• [RECORDS FOR THIS EXERCISE]
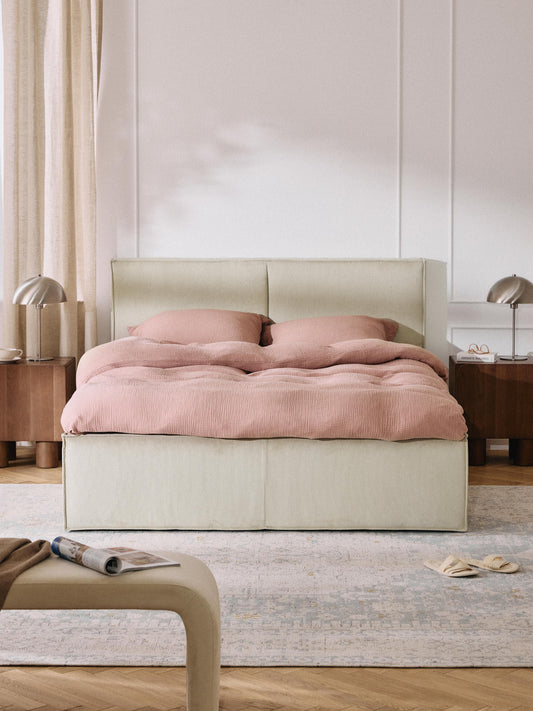 Dream Upholstered Bed with Corduroy Cover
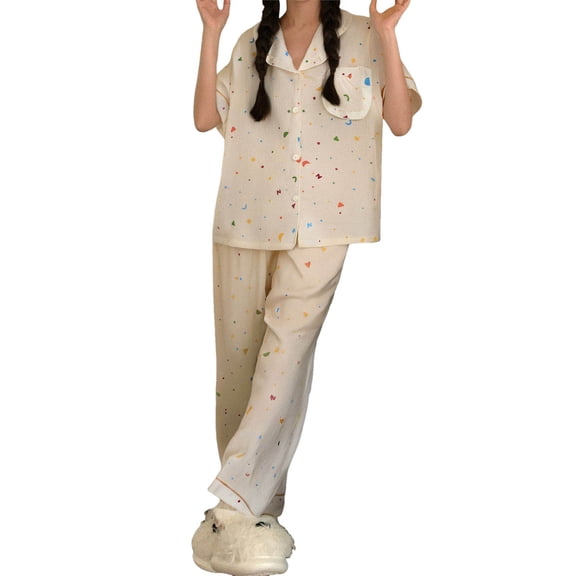 Pajamas for Women 2 Piece Cloud Cotton Sleepwear Long Pants Loungewear Button Down Collar Soft Pajamas Homewear Beige L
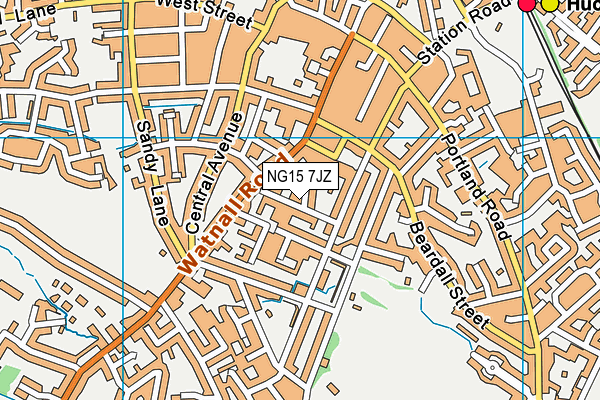 NG15 7JZ map - OS VectorMap District (Ordnance Survey)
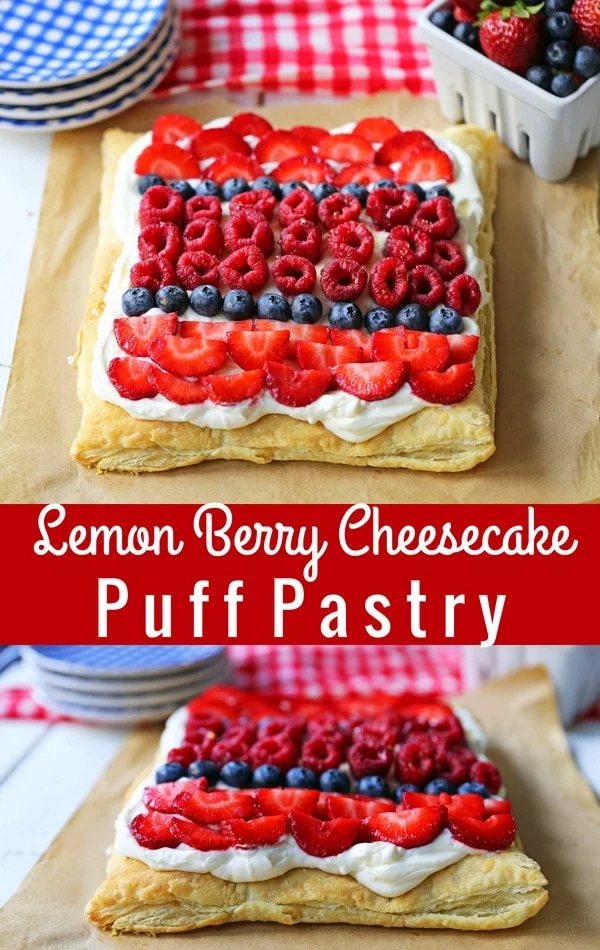 Lemon Berry Cheesecake Puff Pastry Baked Puff Pastry topped with Lemon Cheesecake Filling and Fresh Berries. An easy, beautiful, festive summer dessert. www.modernhoney.com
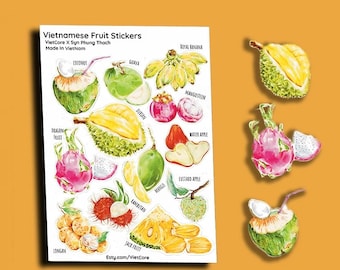 May include: A sheet of colorful stickers featuring illustrations of various Vietnamese fruits, including dragon fruit, durian, jackfruit, mango, rambutan, and coconut. The stickers are labeled with the English names of the fruits.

• [TASK BRIEF]
Restate the records above word for word. Skip every picture.

• [YOUR SOLUTION]
 Dream Upholstered Bed with Corduroy Cover
 Pajamas for Women 2 Piece Cloud Cotton Sleepwear Long Pants Loungewear Button Down Collar Soft Pajamas Homewear Beige L
 NG15 7JZ map - OS VectorMap District (Ordnance Survey)
 Lemon Berry Cheesecake Puff Pastry Baked Puff Pastry topped with Lemon Cheesecake Filling and Fresh Berries. An easy, beautiful, festive summer dessert. www.modernhoney.com
 May include: A sheet of colorful stickers featuring illustrations of various Vietnamese fruits, including dragon fruit, durian, jackfruit, mango, rambutan, and coconut. The stickers are labeled with the English names of the fruits.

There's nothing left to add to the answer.